8 de noviembre de 2008

MISIONEROS , profesionales invisibles.-

Más de una vez en el mundo de la cooperación internacional y las oenegés he oído con frecuencia frases del tipo “nosotros somos profesionales, no somos misioneros”, “nosotros hacemos justicia, los misioneros caridad”. Reconozco que afirmaciones así me enojan y me entristecen.
Conozco lo mejor y lo peor de ambos mundos y me parece una gran injusticia que se apunte a la profesionalidad o la justicia como un término contrapuesto a lo que es la labor misionera. La expresión da a entender que los misioneros no son profesionales. Y, sobre eso creo que habría mucha tela que cortar.

Posiblemente algunos no tengan los títulos universitarios tan corrientes en los currículos del personal de las oenegés pero tienen otros títulos y “másteres” no otorgados por universidades: conocen como nadie la lengua, la cultura local (¿qué ONG está dispuesta a gastar tiempo y dinero en preparar a sus efectivos en estos campos?) y cuentan con la experiencia de muchos años de autosuficiencia en medio del mayor aislamiento, sin la dependencia que tienen ciertas organizaciones de la logística y el apoyo exterior.

Por otro lado y siendo un poco menos diplomático, creo que limpiar los mocos o quitar la mierda de unos huérfanos de SIDA o de unos ancianos desahuciados en una selva perdida del Camerún puede ser tan profesional como hacer un estudio geológico de agua y saneamiento ¿por qué no? ¿dónde está la diferencia? ¿en el saber o en la entrega?

Y ya puestos a comparar, creo que los títulos llamados profesionales no lo son todo. Con más frecuencia de la que uno quisiera, he visto elementos bien titulados y “masterados” que han sido completamente nefastos en el terreno: han venido a África a “hacer su experiencia exótica”, a aprovechar la indigencia de la población para pasarse por la piedra a toda chica jamona de la región, a fumarse, esnifar o engullir toda sustancia narcótica que se ponga por delante y a hacer todas las locuras que en su terruño le llevarían directamente a la carcel.

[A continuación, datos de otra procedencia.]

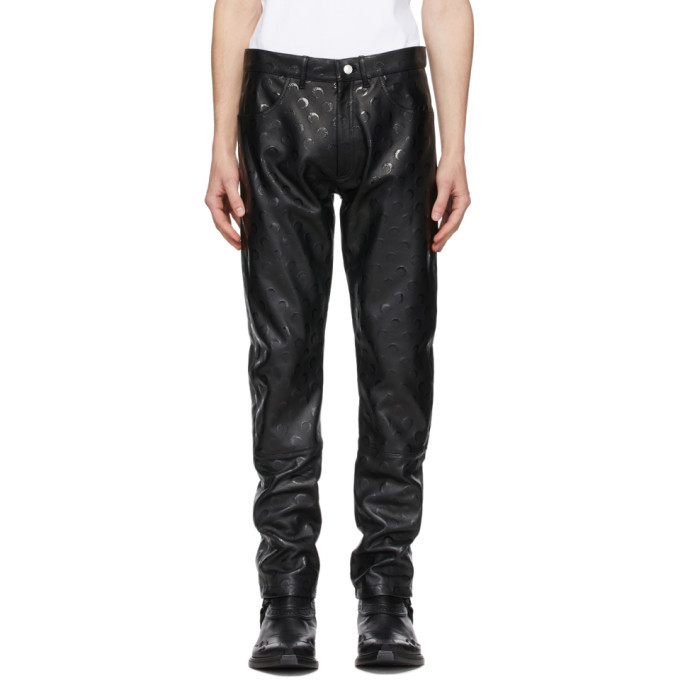 Photo: Marine Serre Black Regenerated Leather Pants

Lo peor es que estas personas han conseguido estos puestos de trabajo después de pasar estrictas pruebas de selección por parte de los departamentos de recursos humanos correspondientes. No todo es trigo limpio, ni siquiera en el mundo de la cooperación. La preparación profesional es nada, me atrevería a decir que absolutamente nada, si no va acompañada de una entrega, una “mística”, una vocación (no necesariamente religiosa, pongamos profundamente humanista) y un poquito de ética.

Comparando estos dos mundos, creo que los misioneros siempre llevan la de perder. No tienen un gabinete de prensa que dé a conocer su labor, ni un departamento dedicado que les busque subvenciones en los diferentes ayuntamientos y comunidades autónomas, tampoco tienen un dispositivo de seguridad (como lo tienen muchas oenegés que cuentan incluso con recursos humanos especializados solo en este campo) que asegure su integridad física en situaciones realmente volátiles… harán durante años una labor callada, sufrida y sin grandes aspavientos y al final ¿qué pasará?

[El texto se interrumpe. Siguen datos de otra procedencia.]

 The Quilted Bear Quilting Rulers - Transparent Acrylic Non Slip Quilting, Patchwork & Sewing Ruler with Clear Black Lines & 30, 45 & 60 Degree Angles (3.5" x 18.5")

En los últimos años ha habido avances importantes en el sector de la cooperación. Creo que es de justicia reconocer los esfuerzos que se han hecho a la hora de valorar la labor de muchas personas en condiciones de trabajo muy peculiares. El llamado “Estatuto del Cooperante” ha sido un avance a la hora de reconocer las necesidades de este colectivo específico. Sin embargo, la disposición del gobierno, tan generoso en otros campos, no incluye al colectivo misionero. Se dice que la razón principal es que no tengan un “contrato de trabajo”, que sea una labor puramente “vocacional” (se me olvidaba, no son profesionales) y que por tanto lo que hacen no se pueda considerar trabajo.

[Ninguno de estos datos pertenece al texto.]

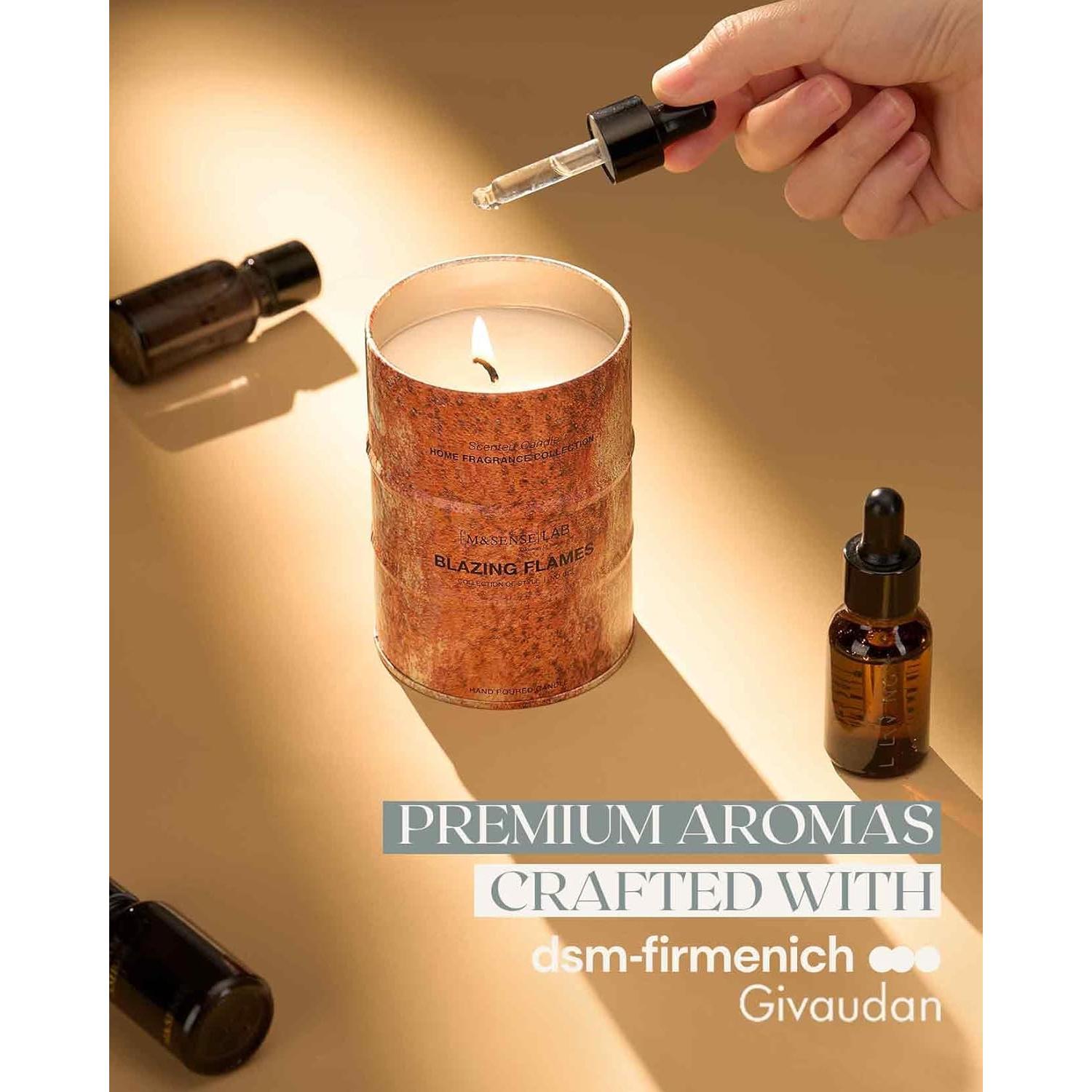 Vela Aromática M&SENSE Llamas Ardientes 320g - Alivio Estrés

Me parece una injusticia como la copa de un pino y me rebelo ante la misma. Hay que decir muy alto que en situaciones donde las organizaciones humanitarias se retiran por las pobres condiciones de seguridad, la gran parte de los misioneros deciden quedarse voluntariamente. Locos de remate sí, quizás porque se creen que su destino está unido a la gente que dedicaron su vida y eso no está regulado por un contrato laboral, sino por algo mucho más sólido, vital y duradero: su entrega.

Hasta ahora mismo, estos hombres y mujeres en medio de las más desafiantes condiciones de trabajo no tienen derecho a prestaciones sociales en su patria ¿por qué? Dado el recelo que actualmente se siente ante todo lo religioso – especialmente si se trata de la anquilosada, retrógrada y oscurantista Iglesia Católica – no resulta extraño que se dé la espalda a un grupo al que más que por su labor social se le quiera reconocer meramente como puros agentes del Vaticano, “proselitistas de la cristiandad”, engrosadores de Libros de Bautismo o puras reminiscencias trasnochadas de aquellos días de Domund, postulaciones en la calle y cabezas de negritos hechas hucha para donativos. Definitivamente, no son profesionales… son otra cosa y por tanto hay que echarles de comer aparte o mejor aún no echarles nada. Una actitud que como ciudadano, aparte de como cristiano, me produce una profunda vergüenza.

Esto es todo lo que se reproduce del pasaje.